Saturday, February 13, 2016

Summer reading you should largely avoid

It's never too early to start thinking about summer reading, but one thing's pretty clear.  If you are a college freshman, you might get asked to read a book before you come to school, but chances are, according to the National Association of Scholars, that book is going to suck. 

Now, viewers of the Panopticon know that I am pretty far left of where NAS typically stands.  We don't see eye to eye on APUSH for example.  But when it comes to summer reading for incoming college students?  I'm right in the same pew.

Some of this is because, NAS is resigned to the fact that most of the books will have a left-wing inclusive tinge.  But most of it has to do with the fact that many of the books that are selected are bad.  Or beneath college reading level.  Or simplistic.  Or pop.  Many of them are memoirs.  They don't do much to open up discussion and they are prone to the kinds of questions one finds in the back of certain paperbacks headlined "For your book discussion group." 

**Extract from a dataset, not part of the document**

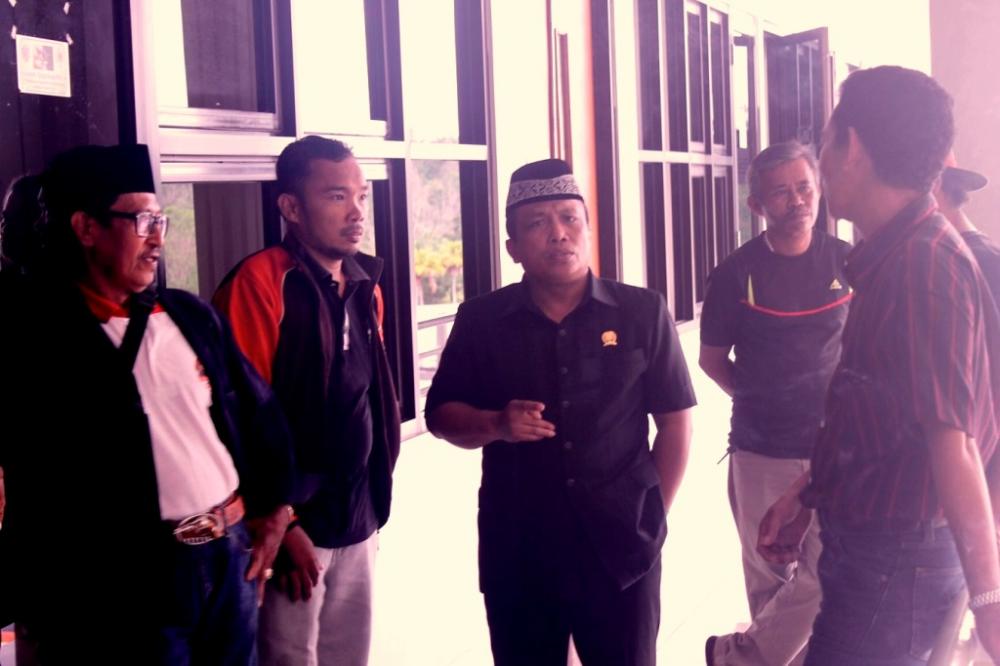 Puluhan Anggota Asosiasi Nelayan â€œSerbuâ€ Kantor Dewan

We, at the Panopticon may be left wing, but we are a fan of intellectual rigor.  We are also, when on our high horse about such things, prone to use the royal we, deal with it.

One of the reasons why the readings are so bad, the report indicates, is that too many people have a say in picking the book.  The bigger the committee, the weaker and more pablum the book they choose.  Also, an author who could come speak on campus is a big plus. 

Anyway, given the way intellectual circles and the bloggerverse works, it turns out I supplied the title one of the "better" books on their list of books that schools might use instead, Angle of Repose by Wallace Stegner.   

The world is a very strange place indeed, sometimes.